### About this exercise
Quote the records below in full, exactly as given, with the images taken out.
**** Supplied records ****
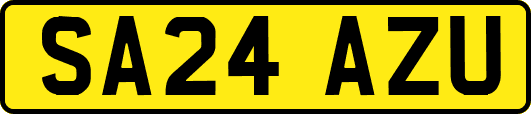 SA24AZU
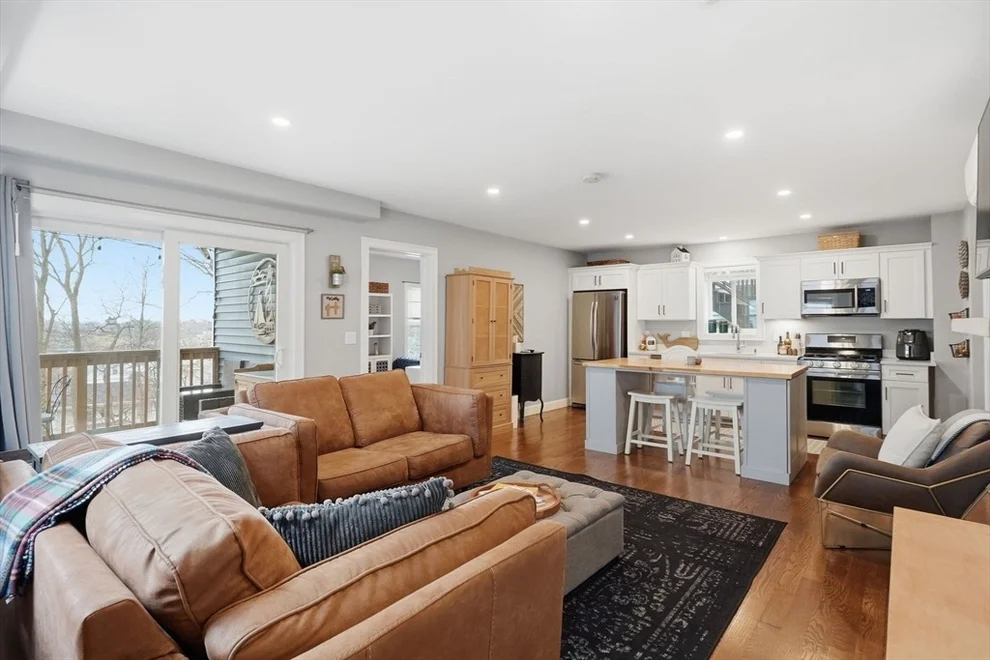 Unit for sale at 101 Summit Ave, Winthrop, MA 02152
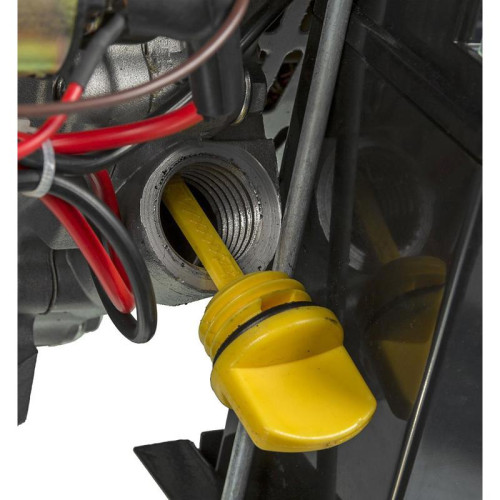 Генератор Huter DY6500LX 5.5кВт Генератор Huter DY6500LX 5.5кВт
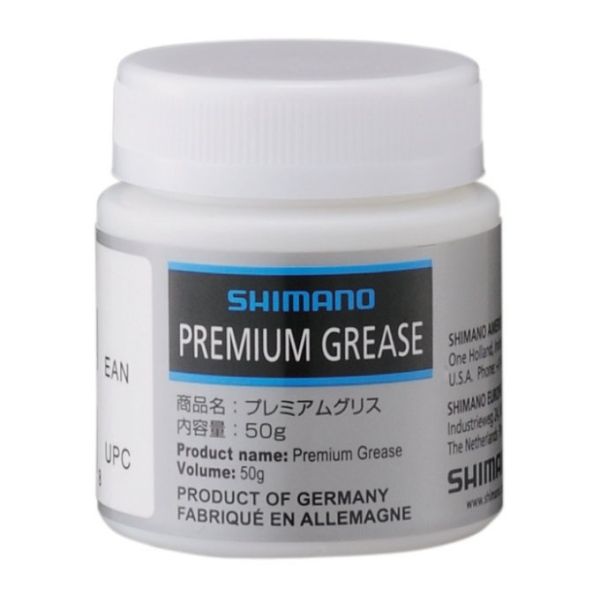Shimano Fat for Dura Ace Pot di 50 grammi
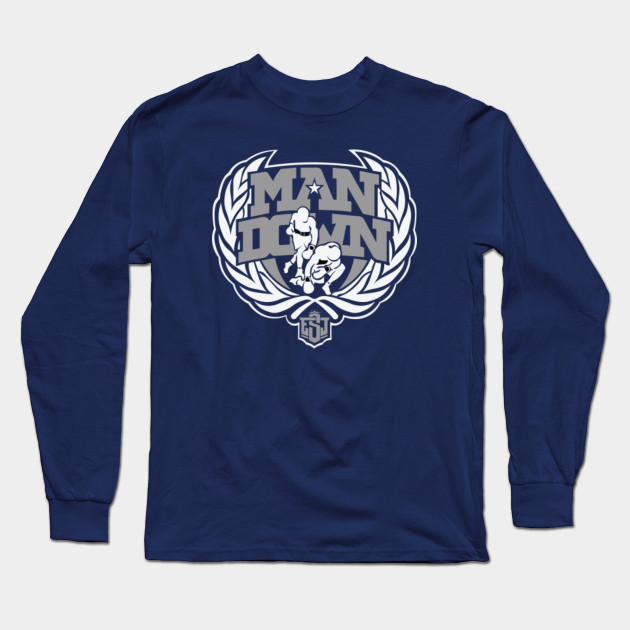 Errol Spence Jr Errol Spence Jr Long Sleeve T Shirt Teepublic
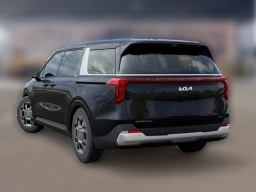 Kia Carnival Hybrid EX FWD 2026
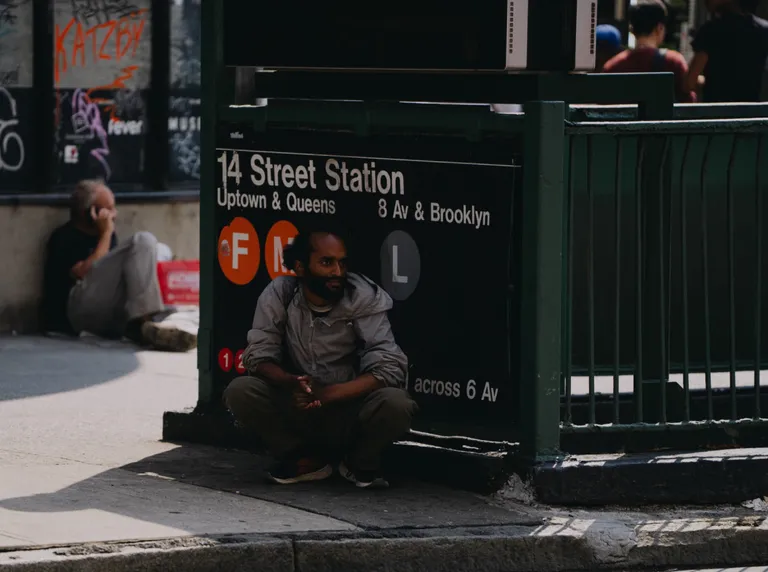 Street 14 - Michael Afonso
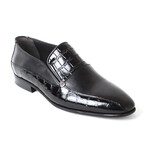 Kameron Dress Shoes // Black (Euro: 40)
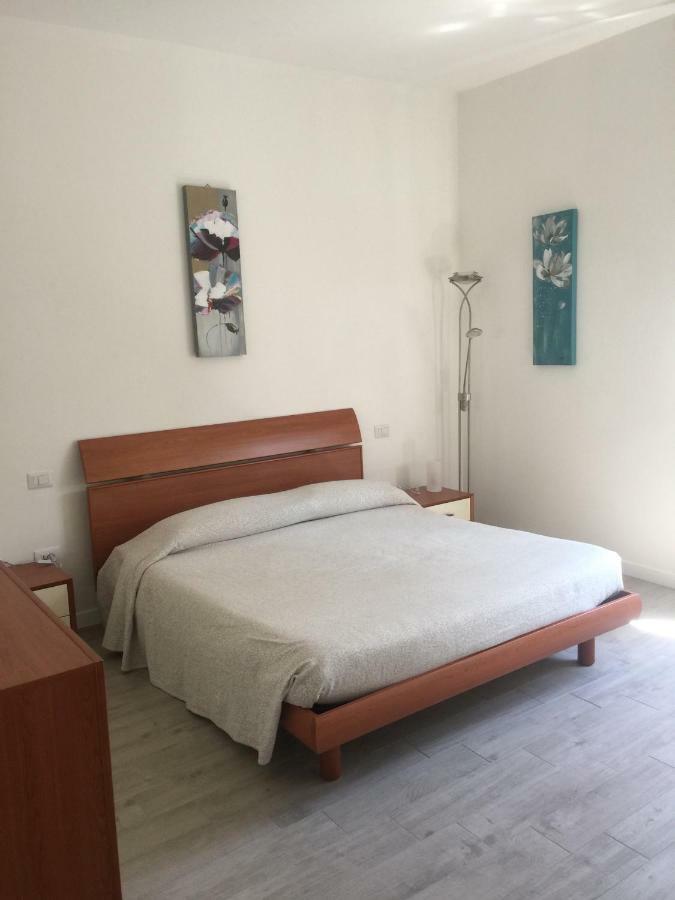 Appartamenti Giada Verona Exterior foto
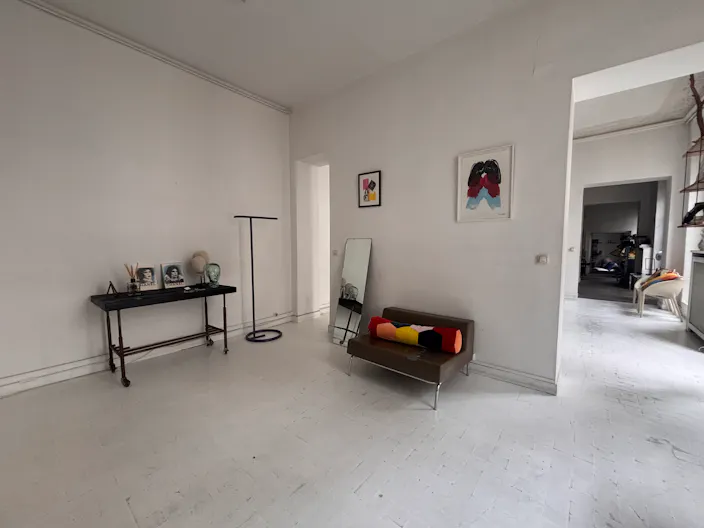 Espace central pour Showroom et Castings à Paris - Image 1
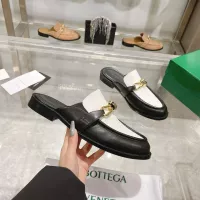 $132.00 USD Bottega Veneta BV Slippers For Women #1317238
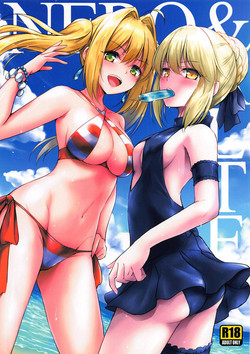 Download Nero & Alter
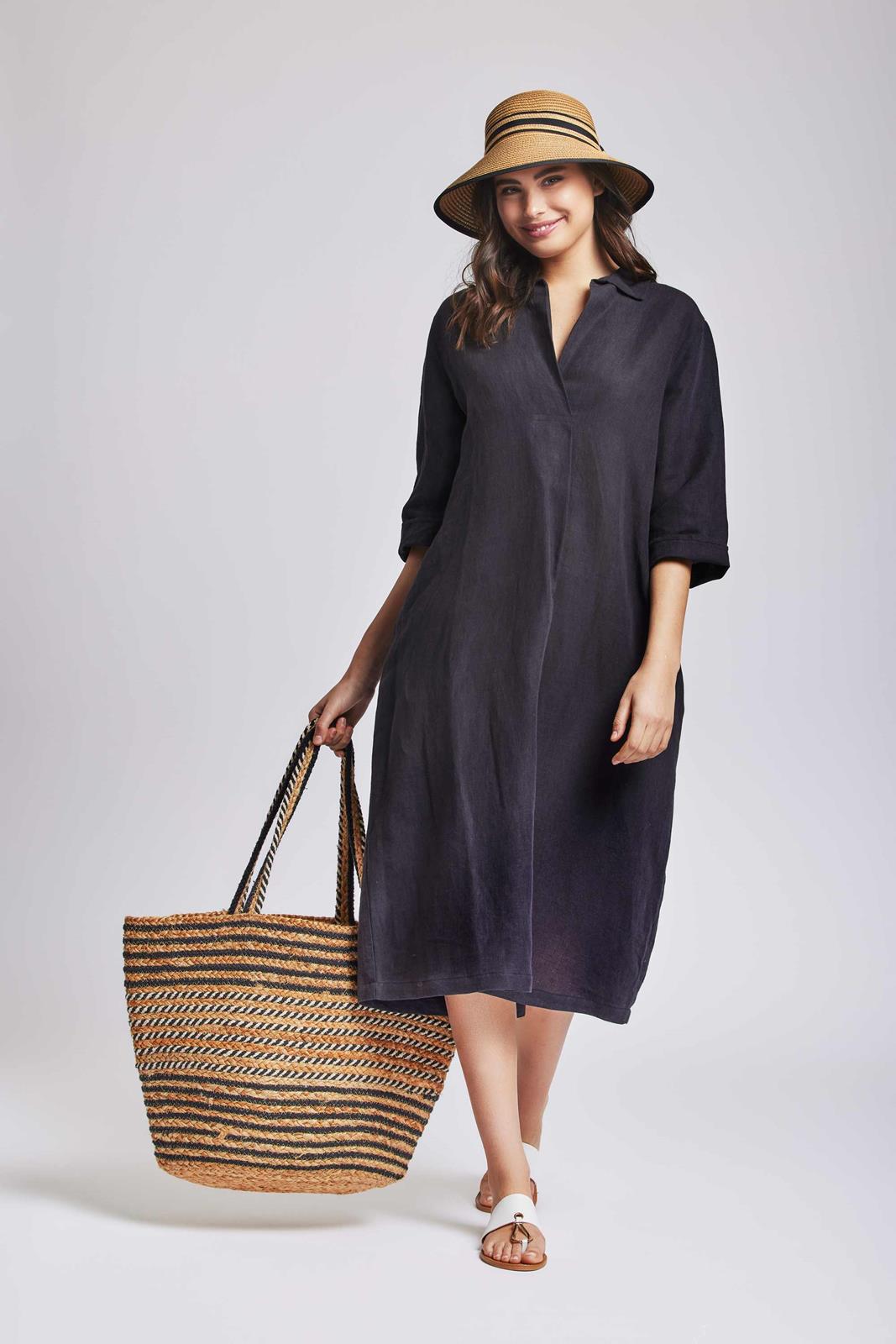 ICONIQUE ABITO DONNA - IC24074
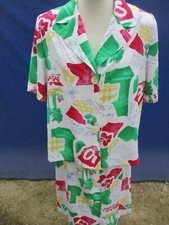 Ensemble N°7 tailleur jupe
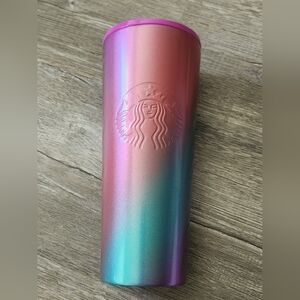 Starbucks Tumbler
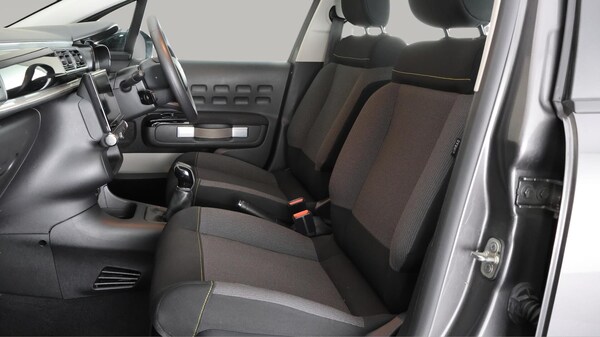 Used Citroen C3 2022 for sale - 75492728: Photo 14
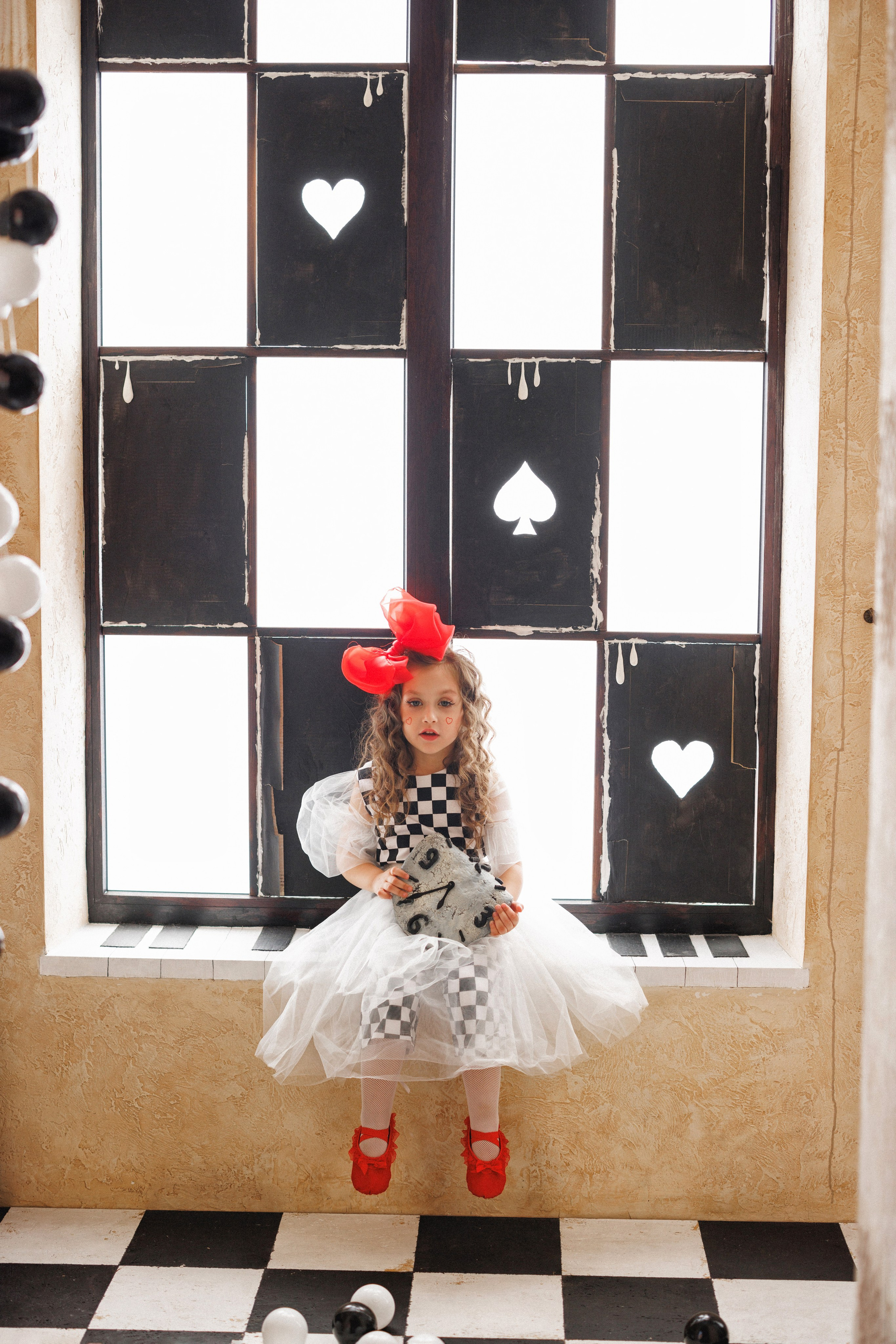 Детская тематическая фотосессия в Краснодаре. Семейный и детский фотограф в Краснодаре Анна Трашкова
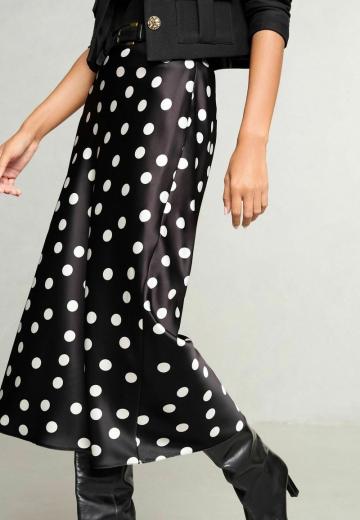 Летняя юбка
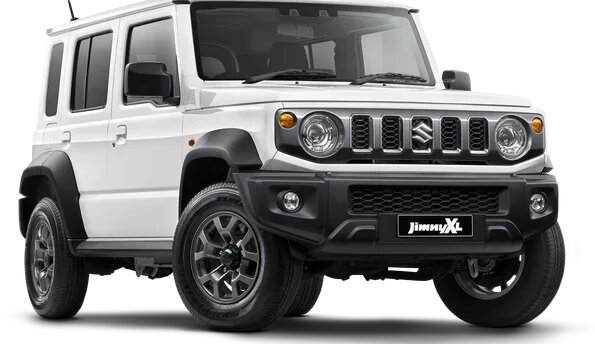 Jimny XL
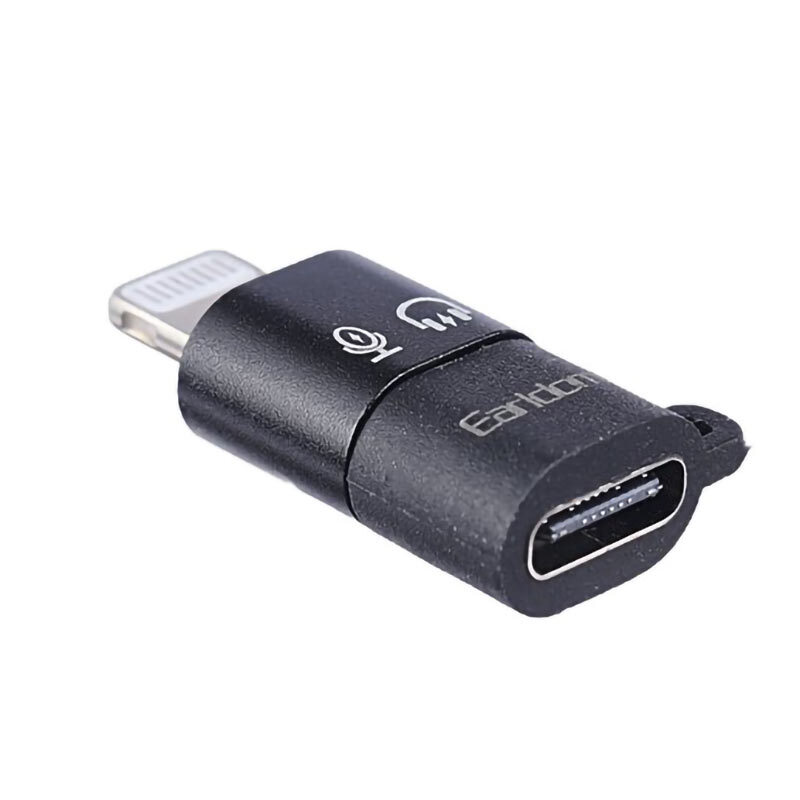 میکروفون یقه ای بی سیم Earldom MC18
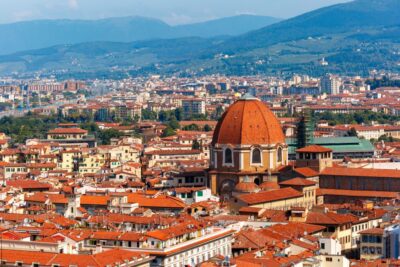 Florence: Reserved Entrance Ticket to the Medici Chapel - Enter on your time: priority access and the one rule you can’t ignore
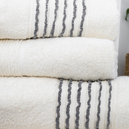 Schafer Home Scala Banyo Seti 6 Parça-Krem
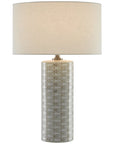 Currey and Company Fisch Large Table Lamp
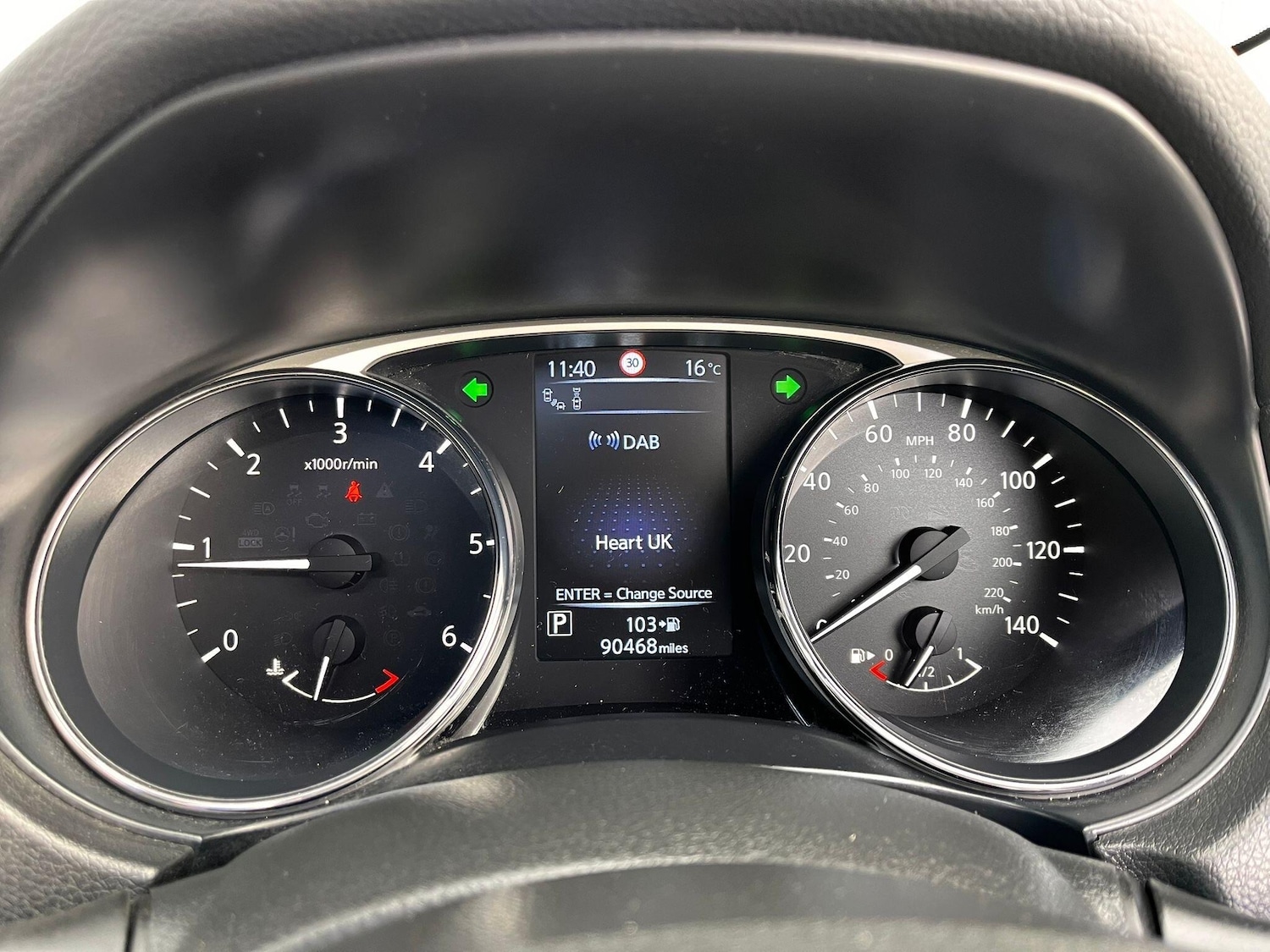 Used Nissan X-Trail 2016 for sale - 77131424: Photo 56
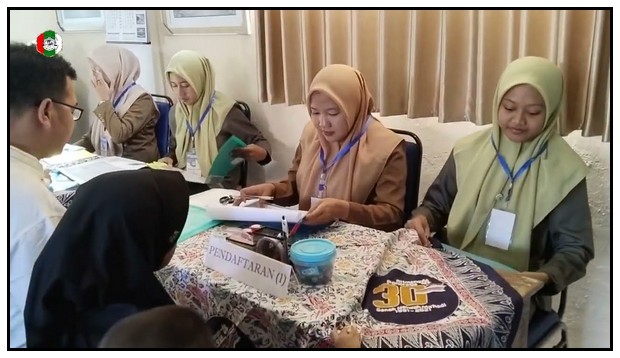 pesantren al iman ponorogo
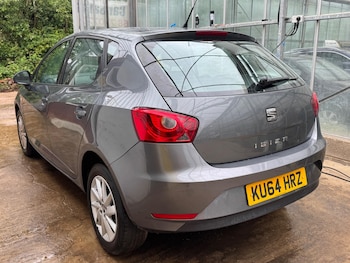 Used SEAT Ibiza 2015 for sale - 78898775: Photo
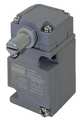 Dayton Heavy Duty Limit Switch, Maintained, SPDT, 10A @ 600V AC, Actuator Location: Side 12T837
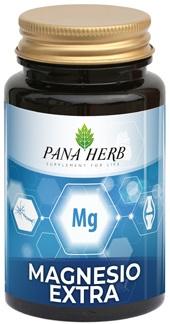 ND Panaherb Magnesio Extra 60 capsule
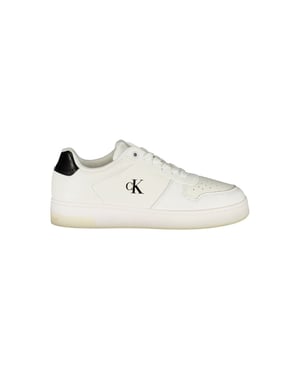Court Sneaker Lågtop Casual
****
### Result
 SA24AZU
 Unit for sale at 101 Summit Ave, Winthrop, MA 02152
 Генератор Huter DY6500LX 5.5кВт Генератор Huter DY6500LX 5.5кВт
Shimano Fat for Dura Ace Pot di 50 grammi
 Errol Spence Jr Errol Spence Jr Long Sleeve T Shirt Teepublic
 Kia Carnival Hybrid EX FWD 2026
 Street 14 - Michael Afonso
 Kameron Dress Shoes // Black (Euro: 40)
 Appartamenti Giada Verona Exterior foto
 Espace central pour Showroom et Castings à Paris - Image 1
 $132.00 USD Bottega Veneta BV Slippers For Women #1317238
 Download Nero & Alter
 ICONIQUE ABITO DONNA - IC24074
 Ensemble N°7 tailleur jupe
 Starbucks Tumbler
 Used Citroen C3 2022 for sale - 75492728: Photo 14
 Детская тематическая фотосессия в Краснодаре. Семейный и детский фотограф в Краснодаре Анна Трашкова
 Летняя юбка
 Jimny XL
 میکروفون یقه ای بی سیم Earldom MC18
 Florence: Reserved Entrance Ticket to the Medici Chapel - Enter on your time: priority access and the one rule you can’t ignore
 Schafer Home Scala Banyo Seti 6 Parça-Krem
 Currey and Company Fisch Large Table Lamp
 Used Nissan X-Trail 2016 for sale - 77131424: Photo 56
 pesantren al iman ponorogo
 Used SEAT Ibiza 2015 for sale - 78898775: Photo
 Dayton Heavy Duty Limit Switch, Maintained, SPDT, 10A @ 600V AC, Actuator Location: Side 12T837
 ND Panaherb Magnesio Extra 60 capsule
Court Sneaker Lågtop Casual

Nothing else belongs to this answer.